(Material to process)

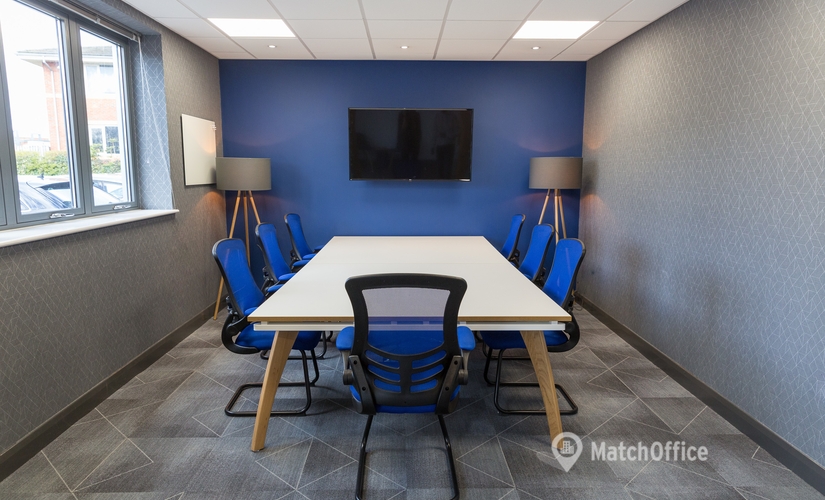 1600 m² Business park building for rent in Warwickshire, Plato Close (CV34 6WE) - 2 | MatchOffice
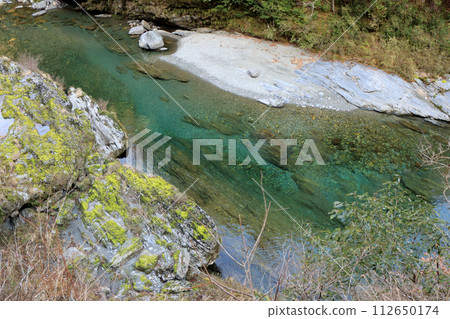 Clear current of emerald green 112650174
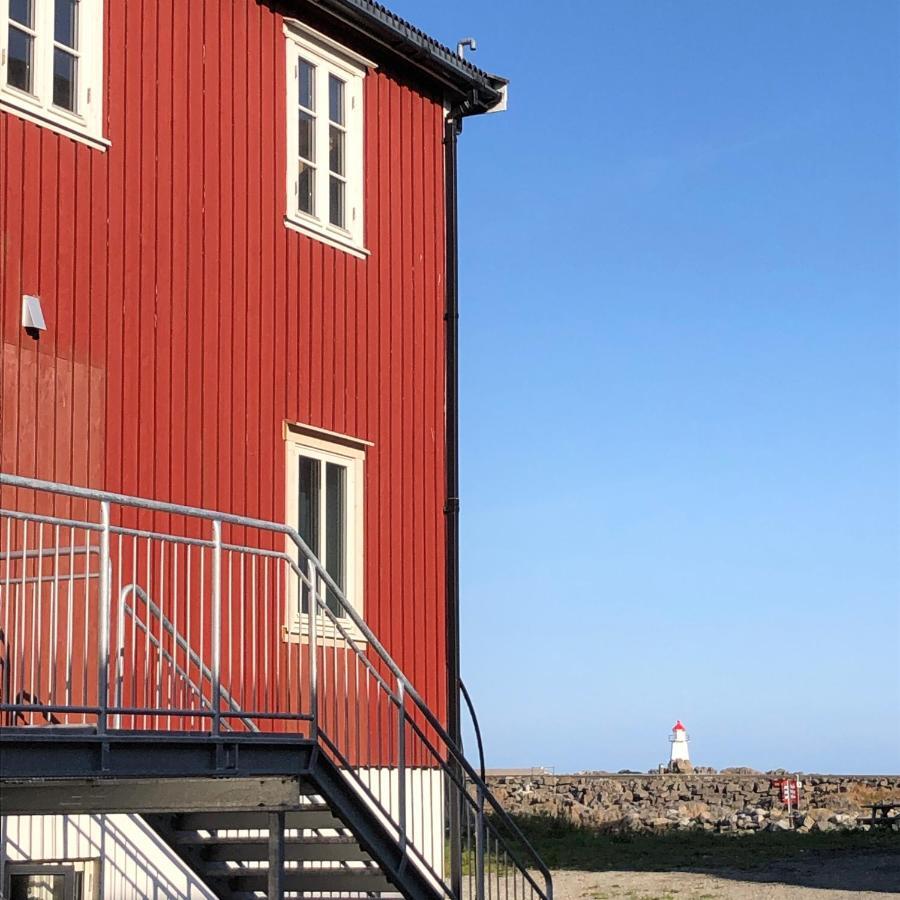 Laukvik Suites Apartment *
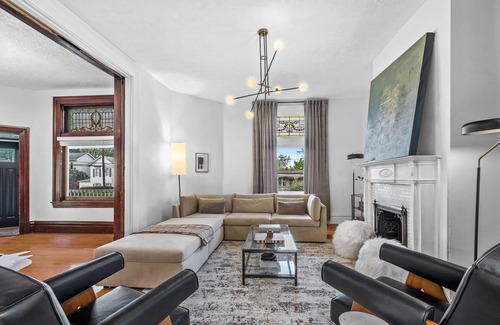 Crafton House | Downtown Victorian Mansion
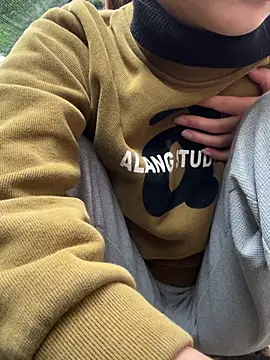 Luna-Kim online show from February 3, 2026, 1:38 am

(End Material to process)

• [Task description]:
Copy every line exactly, from the opening line of the entries down to the line holding "Crafton House | Downtown Victorian Mansion", and keep the pictures out.

• [Output for this task]:
 1600 m² Business park building for rent in Warwickshire, Plato Close (CV34 6WE) - 2 | MatchOffice
 Clear current of emerald green 112650174
 Laukvik Suites Apartment *
 Crafton House | Downtown Victorian Mansion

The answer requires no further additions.